Автор этого канона, преподобный Андрей Критский, жил очень давно – в VIII веке. Жил в далекой стране, говорил на другом языке и умер, так и не узнав, что где-то на севере будут жить люди, которые вспомнят его с благодарной нежностью. Хотя святой Андрей и был известным поэтом, свой самый знаменитый канон он писал для себя на старости лет как автобиографию, как лебединую песнь. Скорее всего, он бы сильно удивился, услыхав, что его молитву читают Великим постом, отведя для нее особые дни. В древности этот канон пели только на пятой неделе поста. Одни уставы предписывали совершать его в воскресенье, другие в четверг, третьи советовали разбить на несколько частей и растянуть на четыре дня. Тогда этот канон слушали утром, сейчас – по вечерам. Раньше – только на четвертой или пятой неделе, теперь – первые четыре дня первой седмицы.

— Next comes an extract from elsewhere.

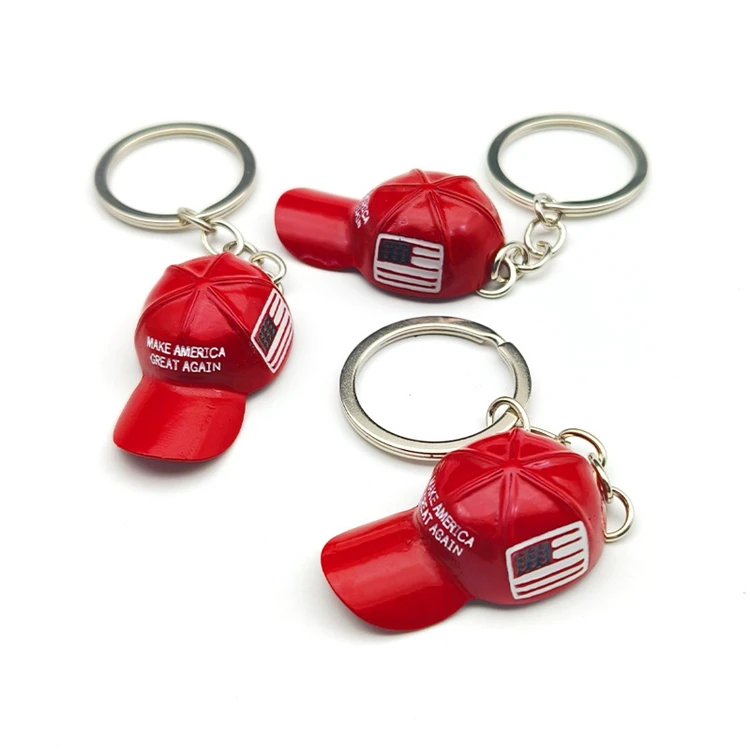 2024 Election President Hat Keychain Make America Great Again Red Caps MAGA Hats Keychain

Канон состоит из девяти песен. Его украсили текстами других авторов: знаменитые ирмосы «Помощник и Покровитель» писал не преподобный Андрей, а трогательный кондак «Душе моя, востани, что спиши» был создан за два столетия до рождения святого Андрея. Представьте, даже для преподобного он был древностью. Его сочинил другой святой – Роман Сладкопевец. Этот кондак наши предки пели только на пятой неделе, но, видно, так он был им дорог, что позже перенесли и на первую.

Почему этот канон так для нас важен?

Есть много причин. Выделю ту, что важна лично для меня: Великий канон – свидетель реальности покаяния. Здесь требуется пояснение.

Школьником я прочел «Древний патерик», удивительную книгу о жизни египетских монахов. Была там и история одной девушки, которая так усердно помогала монастырям, что стала нищей, пустив все свое наследство на благотворительность. Чтобы как-то выжить, она стала блудницей, сделавшись из богобоязненной девочки циничной прожигательницей жизни.

Монахи чувствовали свою вину перед ней и отправили к ней старца Иоанна Колова, чтобы он убедил ее переменить греховную жизнь. Она приняла старца с вызывающим бесстыдством, бравируя роскошью, всем своим видом показывая, что вот она-то живет по-настоящему, в полную силу.